Data for analysis:
────────

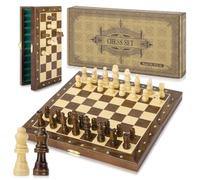 Peradix Chess Set | Wooden Magnetic Chess Board | 2 Extra Queen | 30x30cm Folding Chessboard for Storage | Toys & Games for Adults and Kids Educational Toy Sets
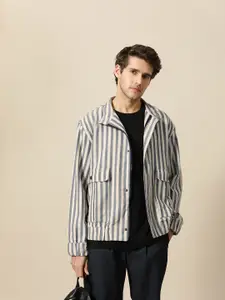 Mr Bowerbird Men Off White Navy Blue Striped Tailored Jacket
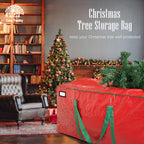 Cosy Family 7.5 ft Christmas Tree Storage Bag - Durable Heavy Duty Extra Large Artificial Xmas Holiday Tree Bag with Reinforced Handles and Dual Zippers Wide Opening - Red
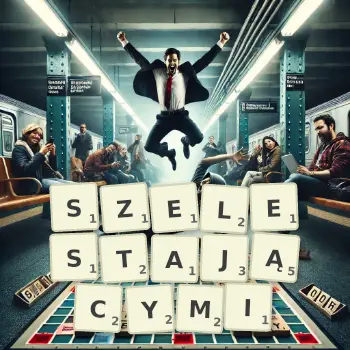 Kreatywna ilustracja do gry w Scrabble ze słowem SZELESTAJĄCYMI ułożonym z płytek na planszy.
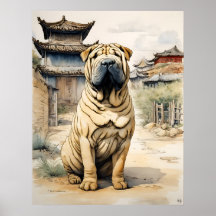 Shar Pei - Impressão de Arte Canina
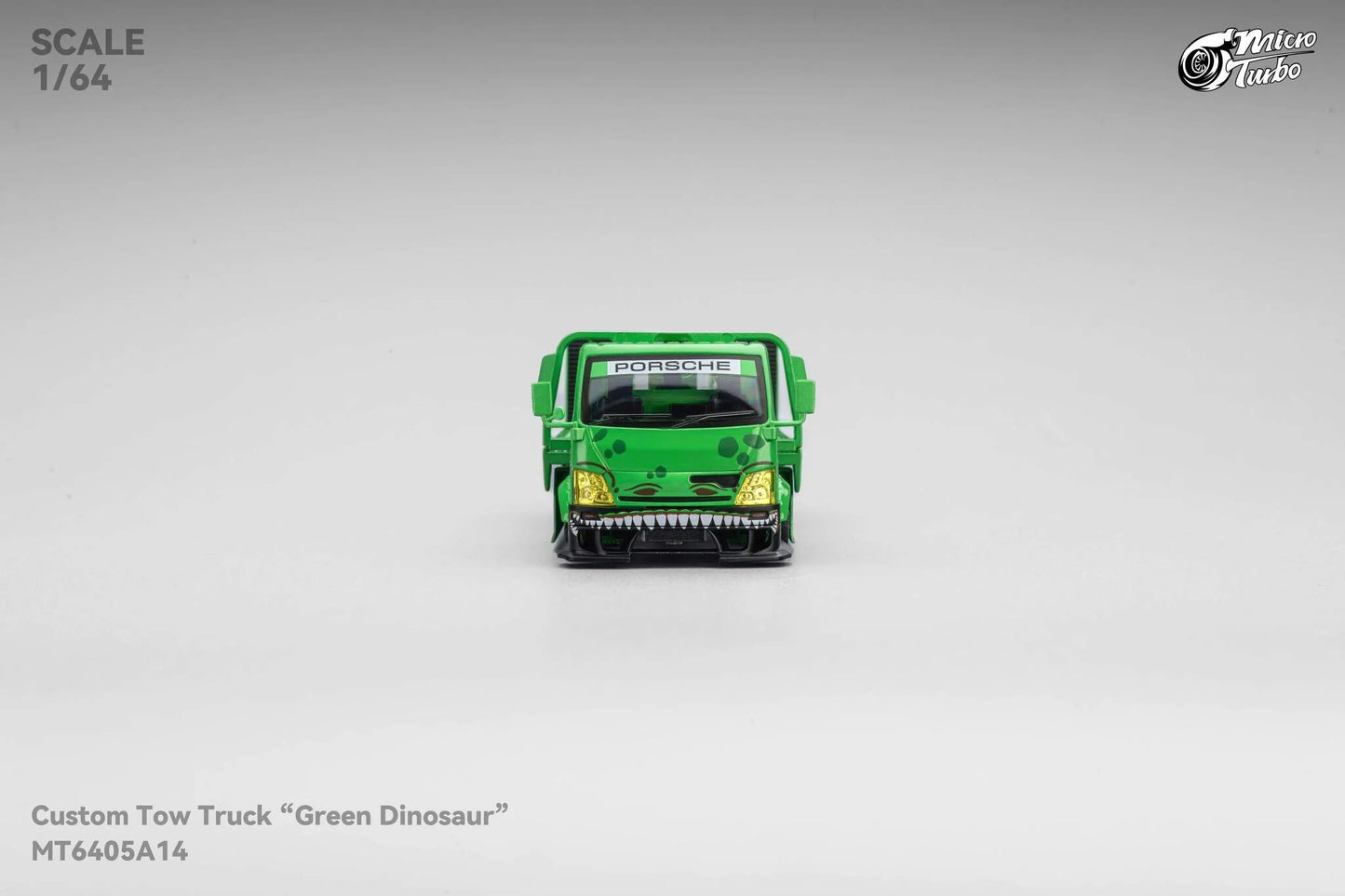 Custom Flat Bed Tow Truck REXY Dino Green - Mega Gear 1:64 Scale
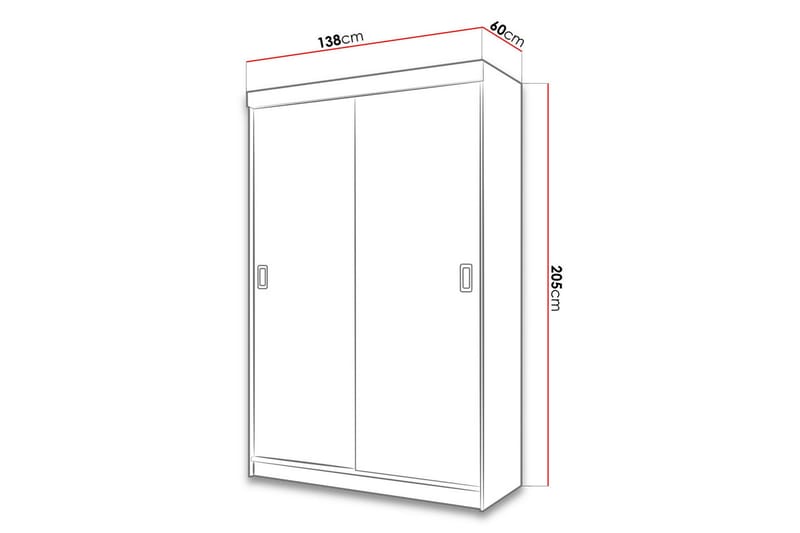 Isolaz Garderob 60x138 cm LED-belysning - Grå/Vit - Förvaring - Klädförvaring - Garderob & garderobssystem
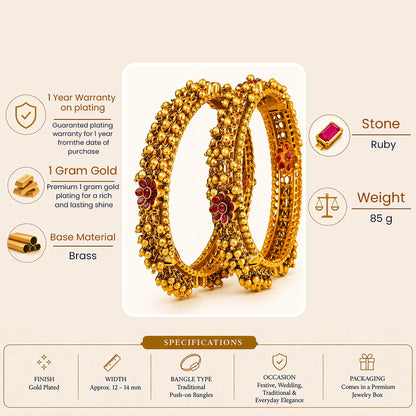 Shankha Valaya Kada Bangle | Gold-Plated Sacred Conch Temple Bangle V-2480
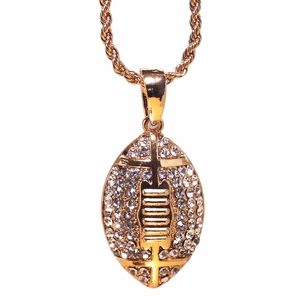 Collana con pendente da football americano con catena d'oro e strass scintillanti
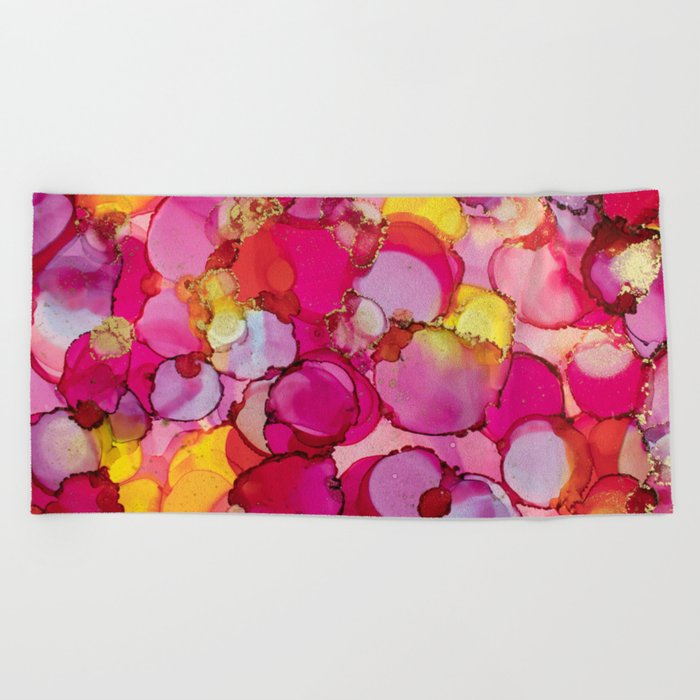 Bed of Roses Alcohol Ink Painting Beach Towel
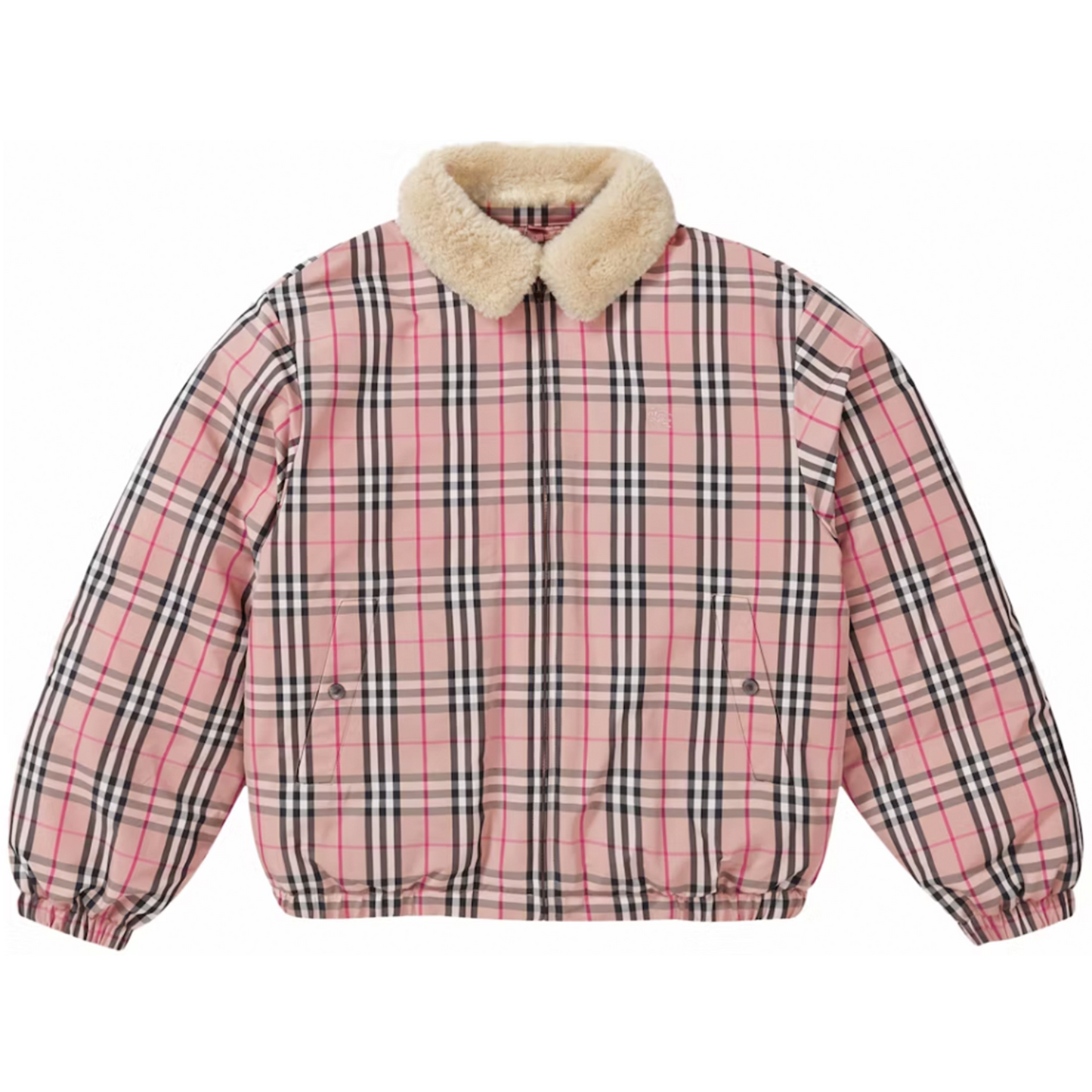 Supreme Burberry Shearling Collar Down Puffer Jacket Pink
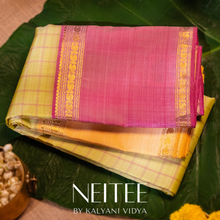 Load image into Gallery viewer, PASTEL GREEN WITH DUAL BORDERS KANCHIVARAM SILK SAREE KS25-3 - NEITEE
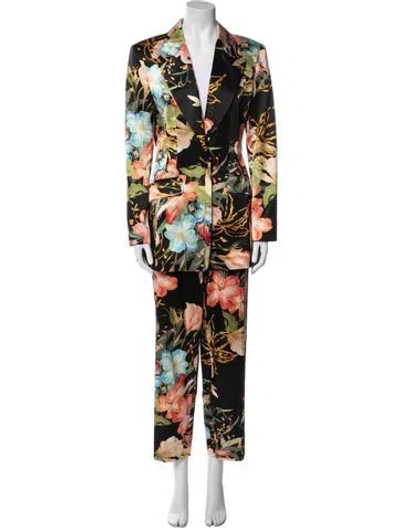 Pre-owned Leo Lin Floral Print Pantsuit In Multi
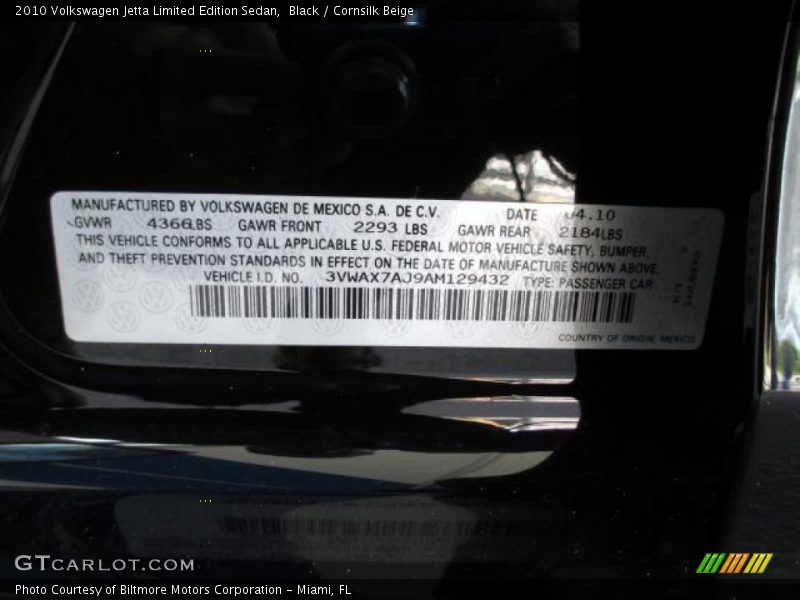 Black / Cornsilk Beige 2010 Volkswagen Jetta Limited Edition Sedan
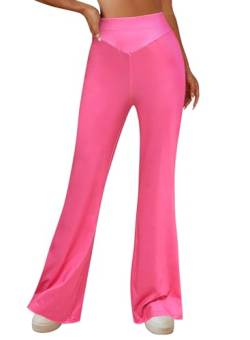 EVELUST 70er Jahre Schlaghose Für Damen – Boho 60er Hose Hippie Blumen High Waist Outfit Disco Kostüm Yogahose Leggings(BabiePink, L, 10501w) von EVELUST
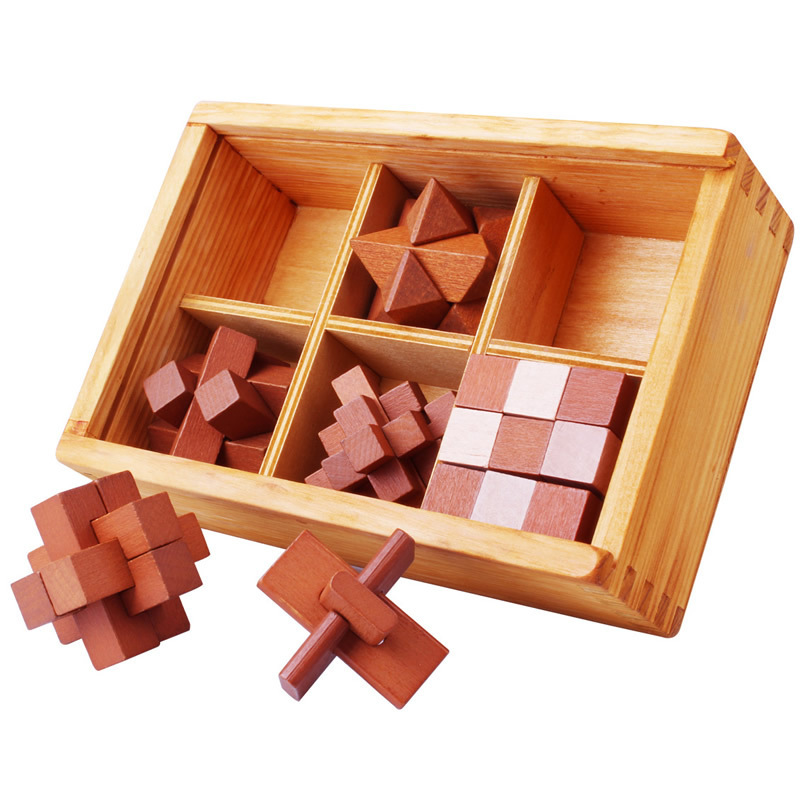 4.5cm Small Wooden Box Beech Wood Six-Piece Set -- Dongxu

────────

Brief:
Only the lines from the line with "Kreatywna ilustracja do" through the end of the records belong in your copy. Repeat them exactly, without pictures.

Result of the exercise:
 Kreatywna ilustracja do gry w Scrabble ze słowem SZELESTAJĄCYMI ułożonym z płytek na planszy.
 Shar Pei - Impressão de Arte Canina
 Custom Flat Bed Tow Truck REXY Dino Green - Mega Gear 1:64 Scale
 Isolaz Garderob 60x138 cm LED-belysning - Grå/Vit - Förvaring - Klädförvaring - Garderob & garderobssystem
 Shankha Valaya Kada Bangle | Gold-Plated Sacred Conch Temple Bangle V-2480
 Collana con pendente da football americano con catena d'oro e strass scintillanti
 Bed of Roses Alcohol Ink Painting Beach Towel
 Supreme Burberry Shearling Collar Down Puffer Jacket Pink
 Load image into Gallery viewer, PASTEL GREEN WITH DUAL BORDERS KANCHIVARAM SILK SAREE KS25-3 - NEITEE
 Pre-owned Leo Lin Floral Print Pantsuit In Multi
 Black / Cornsilk Beige 2010 Volkswagen Jetta Limited Edition Sedan
 EVELUST 70er Jahre Schlaghose Für Damen – Boho 60er Hose Hippie Blumen High Waist Outfit Disco Kostüm Yogahose Leggings(BabiePink, L, 10501w) von EVELUST
 4.5cm Small Wooden Box Beech Wood Six-Piece Set -- Dongxu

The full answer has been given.